#### YOUR ASSIGNMENT:
Return the listing below exactly as it stands. Pictures stay out.

#### RAW DATA:
###

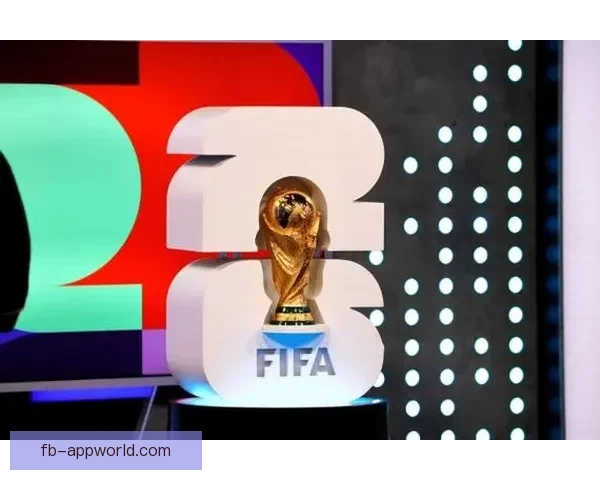 2026世界杯全程直播平台推荐 热门赛事高清在线观赛方式解析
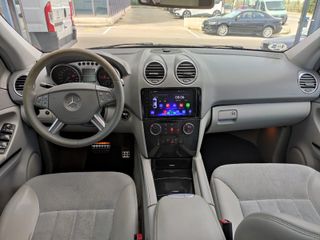 Mercedes-Benz Clase M 2006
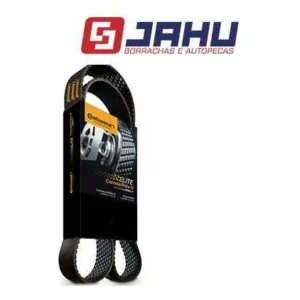 Correia Poly-v Do Motor (direcao Accord 2007 2008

###

#### RESULT BELOW:
 2026世界杯全程直播平台推荐 热门赛事高清在线观赛方式解析
 Mercedes-Benz Clase M 2006
 Correia Poly-v Do Motor (direcao Accord 2007 2008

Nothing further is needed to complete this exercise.